Basic Knowledge in Microsoft Technology and Data Science with Python: December 2009

While the title of this article may seem misleading, you actually can achieve incredible performance gains by updating your web application to use LINQ. This article will dispell some common myths about LINQ and demonstrate how LINQ can practically increase performance. The examples in this article will be using LINQ to SQL, but the principles apply to LINQ to Entities as well.

First of all, it's important to realize what LINQ is and what it isn't. LINQ is a language feature you'll see in Visual Studio 2008 (Visual Studio Orcas) and beyond.
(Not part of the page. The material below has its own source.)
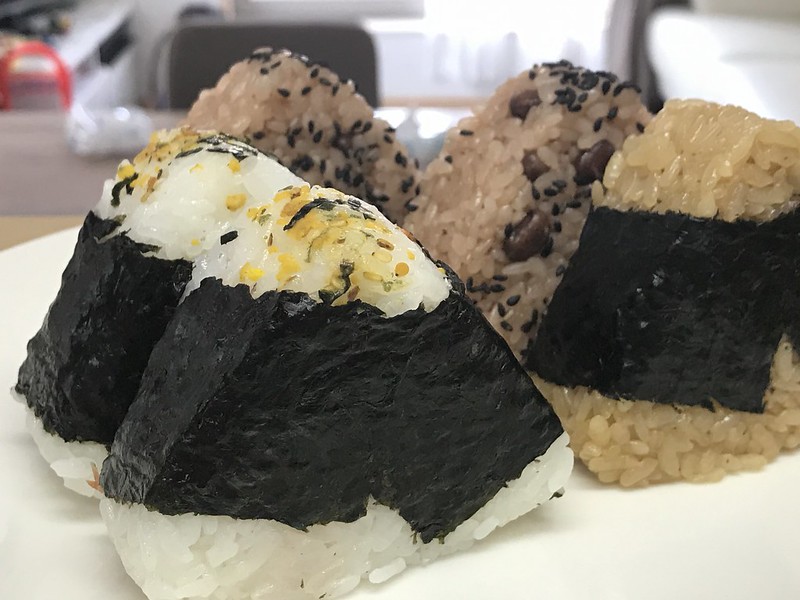 東京都荒川区荒川6丁目にある浪花家はおにぎりも美味しい!特に茶飯が最高にお勧め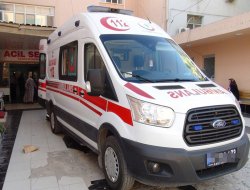 Cizre’de PKK’lılar ambulanstaki malzemeleri gasp etti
It's not dependant on any particular .NET language as you can use it in C# or VB.NET. LINQ stands for "Language Integrated Query", but its usage goes beyond language capabilities alone.

It is true that the language speeds up development by allowing you to use a simple query-syntax in C# or VB.NET to query data from a HashTable, XML file or SQL Database. And it's also true that you can have Visual Studio 2008 write tons of code for you to build classes for your data tables (or even to build SQL tables from your classes). However, this article will demonstrate runtime performance gains you'll see by using some built in features that come with the language as well.

The benefits we'll discuss are:

Intelligent query translations (such as faster data pagination).
Redundant query checking to prevent needless data hits.
Redundant update checking to ensure minimal data transfers.
Intelligent Query Translations
One of the built-in benefits of using LINQ is that methods that are deemed "best practice" are used in the underlying technologies. For instance, if you were to use a standard ASP.NET 2.0 SqlDataSource, and you bound that data to a GridView with pagination turned on, you might not realize that you're transferring your entire data table just to use a few rows at a time in your paginated GridView. This results in some heavy queries, heavy data transfers and often times slow page loads.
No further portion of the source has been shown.